The current existing way that LM is diagnosed is by a mix of imaging and imaging is not great. Clinical findings, which are often very vague and non-specific. And then the CSF lumbar puncture results, which look at glucose, protein and cell count, which is the same thing that Norman and I use when we are in medical school a year or 2 ago that is very non-specific and very non-sensitive for that.

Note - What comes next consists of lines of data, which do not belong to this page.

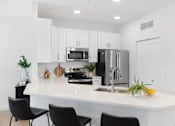 Thumbnail 1 of 43 - a kitchen with a large island with black chairs and a stainless steel refrigerator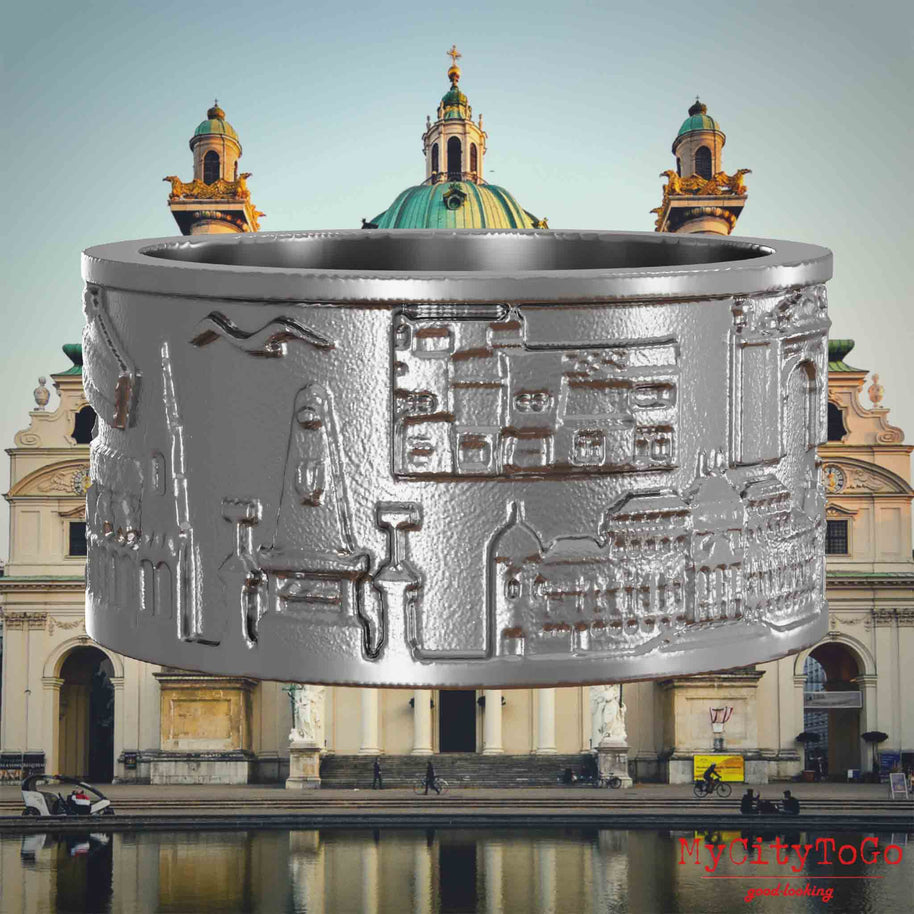 Ring aus Edelstahl mit Reliefs bekannter Sehenswürdigkeiten der Stadt Wien. Den Hintergrund bildet eine Ansicht der Stadt Wien.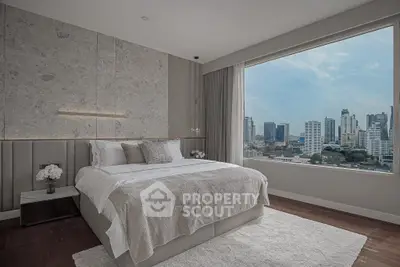 Luxurious bedroom with stunning city view and elegant decor in modern apartment.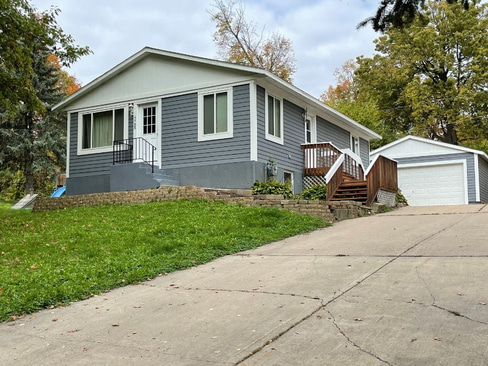 Single-story home with visible exterior wear, ideal for a fixer-upper purchase.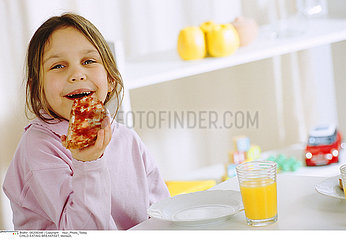 CHILD EATING BREAKFAST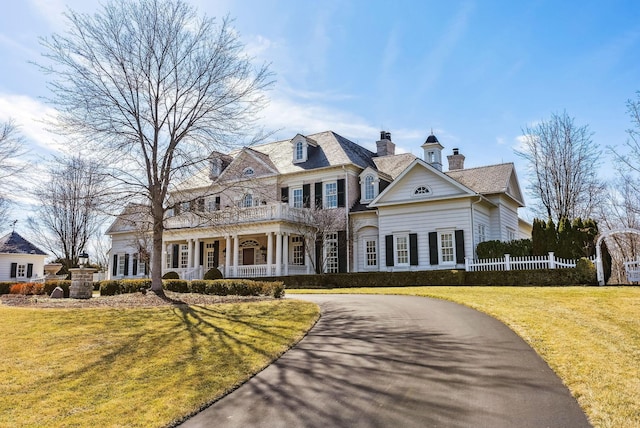 view of front of house with a porch, a chimney, a front yard, curved driveway, and fence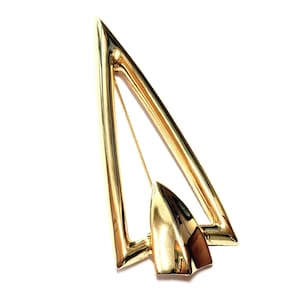 May include: A gold-toned brooch in a geometric design. The brooch features a triangular frame with a pointed end and a smaller, solid, arrow-shaped element. A pin is attached to the back for securing the brooch.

So I think as I mentioned, in the first 4 patients where we have data on, we have significant reduction in tumor cell counts as measured by that assay. So we're very pleased with what we've seen thus far, but it's very early.

Another relevant piece of information is LM is significantly under diagnosed. So only about 25% of patients with LM were diagnosed. We know that based on autopsy data. So there's an opportunity to increase the total addressable market of LM for our therapeutic by up to 4x. That's - that opens up a pretty significant increased application for the test.

And the other interesting thing is beyond just quantification of tumor cells, you can actually use that test potentially to tailor therapy. Although we don't use it for our trial, you can actually put in groups of antibodies and look at specific epitope expression, fluorescence situ hybridization and genomic analysis as part of that test to tailor therapy in terms of using systemics0and immunotherapy and so forth, which we're beginning to explore in our super grant.

So that's a good question. And we think it's going to be very important long term to pair the therapeutic with a diagnostic like this, an innovative - I kind of think about it almost like a companion diagnostic. And that's the only question that's unanswered. So Andrea, anything else?

I'm not showing any further questions right now. Marc, if you'd like to close it out.

Yes. So thanks, everyone, for participating on the call today. Appreciate your interest in the company. Once again, thanks to our employees and collaborating physicians and scientists that we work with on a daily basis, and we're very appreciative also for the patients who are on this trial that need this help and trust us to deliver for them and their family. So we're very appreciative to them. So we look forward to continuing the updating process as we move forward and thanks also to our stockholders for their continued support and confidence. Thank you.

Thank you for your participation in today's conference. This concludes the program. You may now disconnect.